▶ [What you need to do]
Locate the line bearing "The Complete Tales" in the material below, then reproduce it and each following line up to and including the line bearing "KIA Cerato IV, 2020".

▶ [Records for the task]
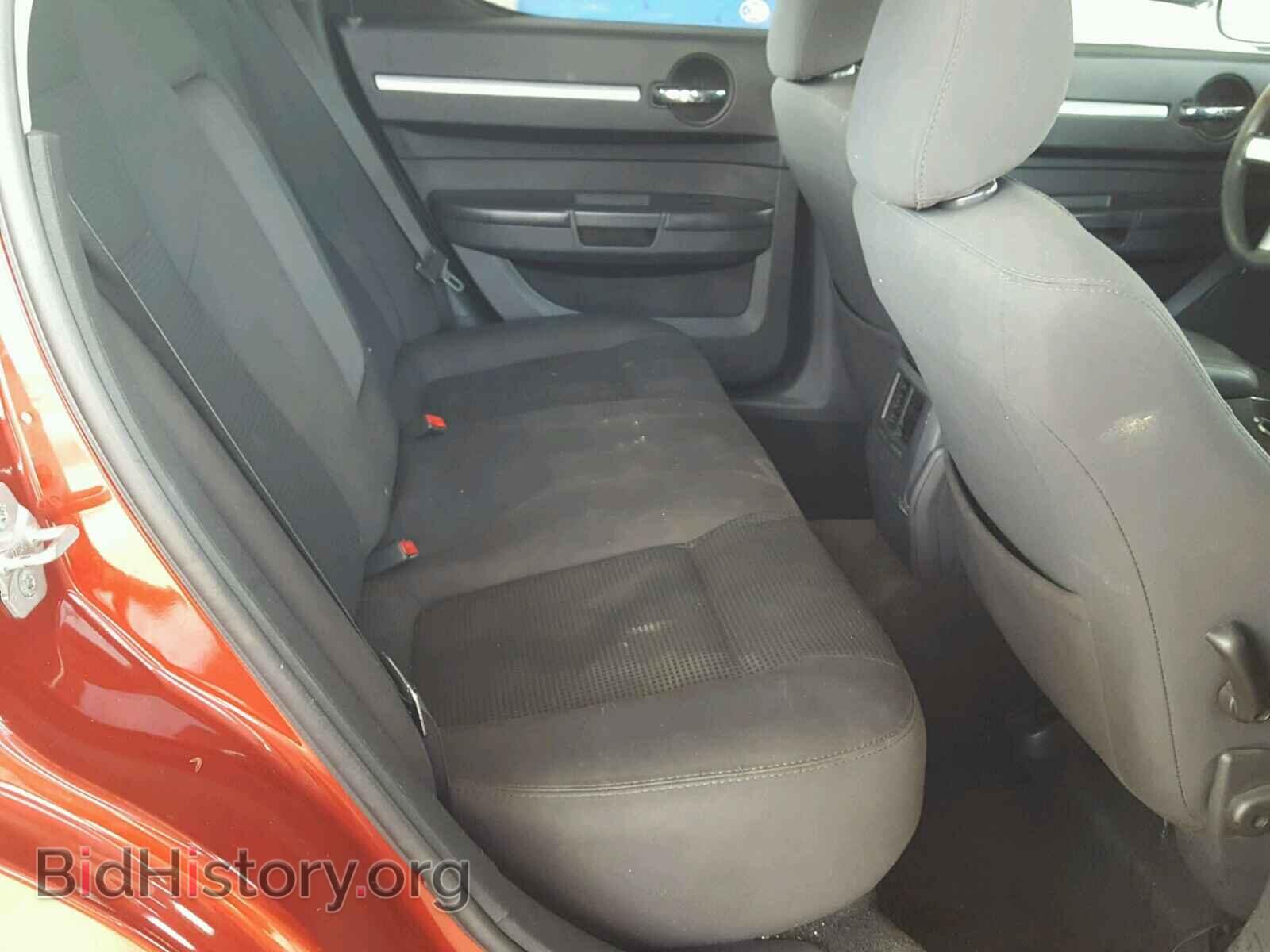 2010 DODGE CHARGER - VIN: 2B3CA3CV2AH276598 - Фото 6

...

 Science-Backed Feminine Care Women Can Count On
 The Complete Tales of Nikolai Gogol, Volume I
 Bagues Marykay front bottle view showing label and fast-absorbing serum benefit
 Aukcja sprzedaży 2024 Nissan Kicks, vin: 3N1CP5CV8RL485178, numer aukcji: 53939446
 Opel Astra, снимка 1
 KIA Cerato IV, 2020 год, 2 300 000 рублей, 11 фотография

▶ [Solution to the exercise]
 The Complete Tales of Nikolai Gogol, Volume I
 Bagues Marykay front bottle view showing label and fast-absorbing serum benefit
 Aukcja sprzedaży 2024 Nissan Kicks, vin: 3N1CP5CV8RL485178, numer aukcji: 53939446
 Opel Astra, снимка 1
 KIA Cerato IV, 2020 год, 2 300 000 рублей, 11 фотография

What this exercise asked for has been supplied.